CDMP Fundamentals • 100 Questions • 90 Minutes
← Back to all topics

Master and Reference Data Management

Chapter 10 10% of exam

Overview

Master Data Management (MDM) is the discipline of creating and maintaining a single, authoritative, reliable source of truth for an organization’s critical shared data entities. Master data represents the core business objects that are shared across multiple systems and business processes — such as customers, products, employees, suppliers, accounts, and locations. Without MDM, different systems maintain their own versions of these entities, leading to inconsistencies, duplicates, and conflicting information. Reference Data Management is a closely related discipline that controls the standardized sets of allowed values used to classify and categorize other data — such as country codes, currency codes, status codes, industry classifications, and product categories. Reference data changes slowly and is often sourced from external standards bodies (ISO, ANSI, government agencies). While master data describes 'who' and 'what,' reference data describes 'which type' or 'which category.' The business value of MDM is significant: a unified view of customers enables better service and cross-selling, consistent product data enables supply chain efficiency, standardized reference data ensures regulatory compliance and accurate reporting. The 'golden record' concept — a single, best version of each master data entity created by merging data from multiple sources — is the central deliverable of an MDM program. Success requires strong governance, clear data ownership, matching and merging technology, and ongoing data stewardship.

Key Concepts

Master Data Defined

Master data represents the core business entities that are shared across multiple systems, processes, and departments. Characteristics of master data: (1) NON-TRANSACTIONAL — describes entities, not events (Customer is master data; Sale is transactional data); (2) RELATIVELY STABLE — changes less frequently than transactional data (a customer's name changes rarely; their orders change constantly); (3) SHARED — used by multiple business processes and systems (Customer is referenced by sales, billing, shipping, marketing); (4) CRITICAL — its accuracy directly impacts business operations and decisions. Common master data domains: CUSTOMER (individuals and organizations), PRODUCT (goods and services), EMPLOYEE (workforce), SUPPLIER/VENDOR (business partners), ACCOUNT (financial accounts), LOCATION (addresses, facilities), ASSET (equipment, property). Master data provides the context for understanding transactional data.

Reference Data Defined

Reference data consists of standard sets of valid values used to classify, categorize, or constrain other data. Key characteristics: (1) MORE STABLE than master data — changes very slowly (country codes rarely change); (2) OFTEN EXTERNALLY SOURCED — from standards bodies (ISO country codes, NAICS industry codes, SWIFT bank codes); (3) USED FOR CLASSIFICATION — categorizes and groups other data; (4) HIERARCHICAL — often organized in parent-child hierarchies (continent → country → state → city). Examples: country codes (ISO 3166), currency codes (ISO 4217), language codes (ISO 639), status codes (active/inactive/suspended), product categories, industry classifications (SIC/NAICS), units of measure. Reference data must be governed centrally to prevent proliferation of inconsistent code lists across systems.

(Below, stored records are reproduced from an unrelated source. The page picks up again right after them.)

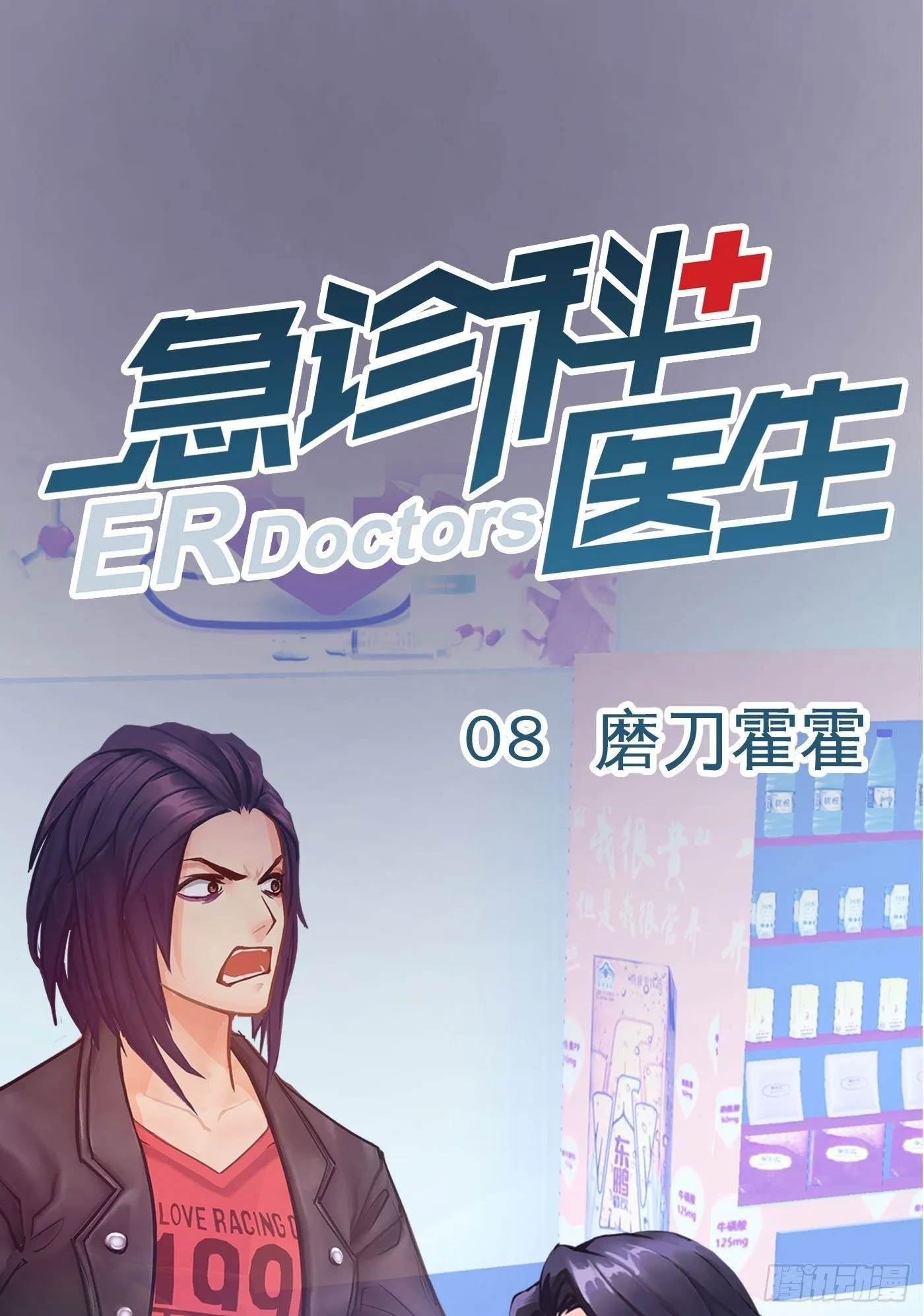 008 磨刀霍霍 第1页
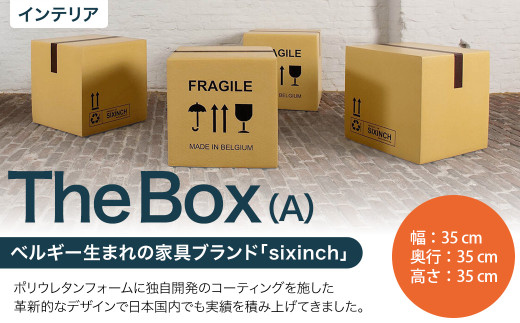 The Box （A） 椅子 イス インテリア オブジェ 置物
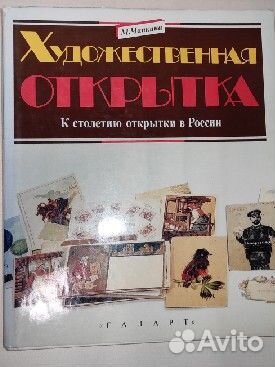 Книги каталоги коллекционирование открыток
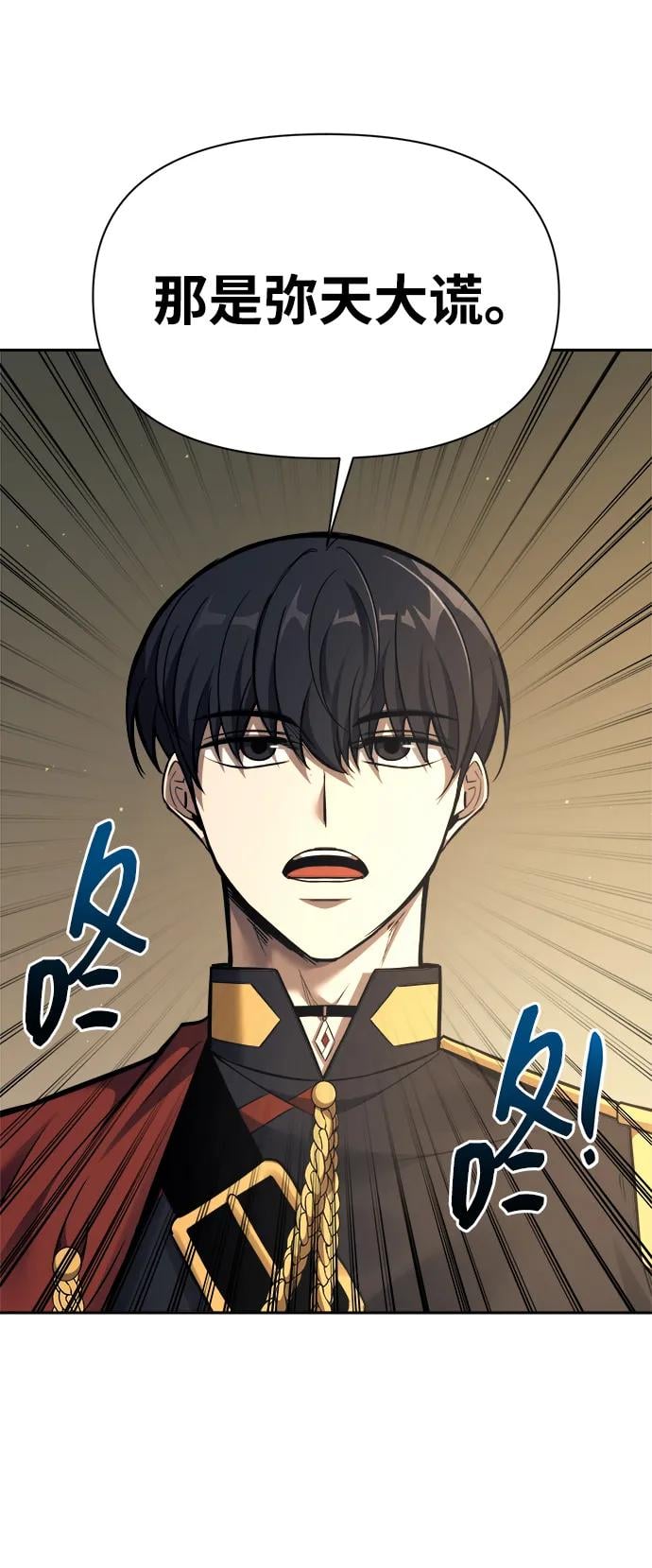 第 92 页
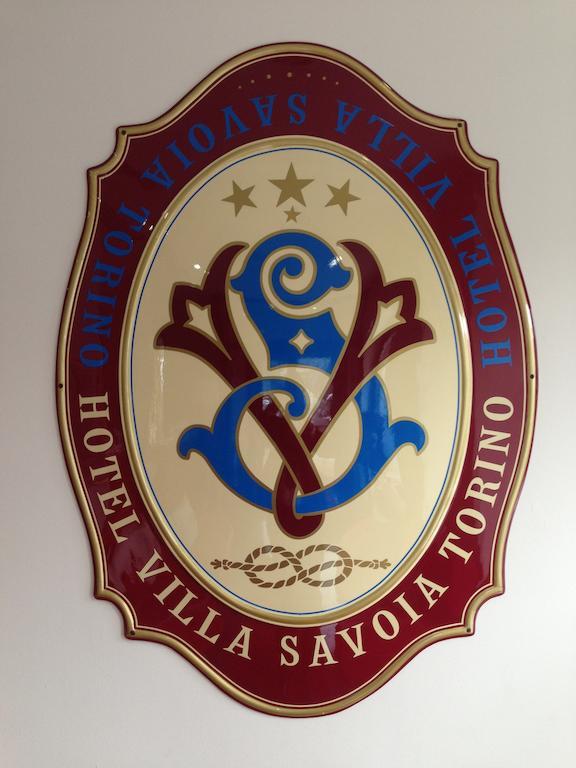 Hotel Villa Savoia Τορίνο Εξωτερικό φωτογραφία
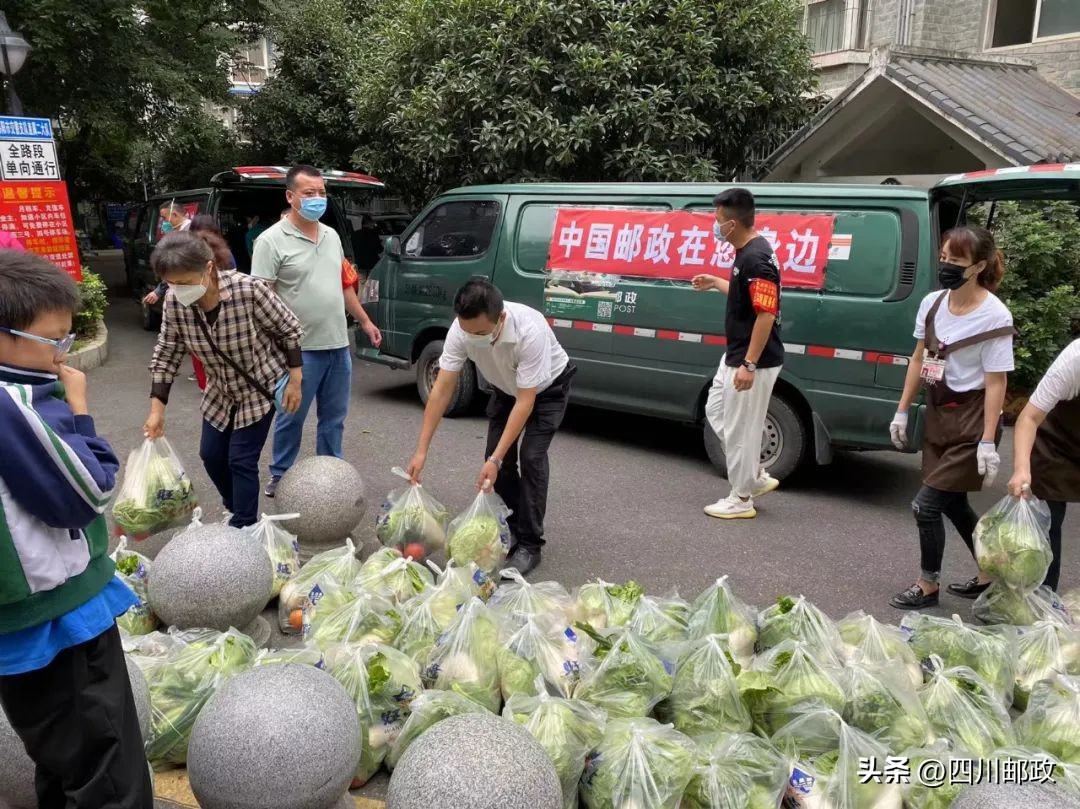 守护万家灯火，绵阳“邮”力量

Golden Record (Single Version of Truth)

The authoritative, best representation of a master data entity, created by combining information from multiple source systems. The golden record creation process: (1) IDENTIFY — find all records across systems that refer to the same entity; (2) MATCH — determine which records are duplicates using matching rules; (3) MERGE — combine matched records into a single golden record using survivorship rules; (4) SURVIVE — for each attribute, determine which source provides the best value. SURVIVORSHIP RULES determine which value 'wins' when sources conflict: most recent update, most complete record, most trusted source, manual override. Example: Customer John Smith exists in CRM (phone: 555-1234, email: john@gmail.com) and billing (phone: 555-5678, address: 123 Main St). Golden record combines the best attributes from both using survivorship rules.

MDM Architecture Styles

Four primary MDM implementation approaches: (1) REGISTRY STYLE — creates an index/pointer to master data records in source systems WITHOUT consolidating data. Lightweight, non-invasive, provides cross-reference but no golden record. Best for: organizations starting MDM with minimal disruption. (2) CONSOLIDATION STYLE — copies data from sources into a central hub, creates golden records for READ purposes. Sources remain authoritative for data entry/changes. Best for: analytical use cases, reporting, data quality monitoring. (3) COEXISTENCE STYLE — hub and sources SHARE data bidirectionally. Golden records are created in the hub AND synchronized back to sources. Best for: organizations wanting a single view while maintaining source system autonomy. (4) CENTRALIZED (Transaction Hub) STYLE — the MDM hub IS the authoritative system of record for all create/read/update/delete operations. Sources consume master data FROM the hub. Best for: new implementations, organizations with strong governance. Each style represents increasing investment and control.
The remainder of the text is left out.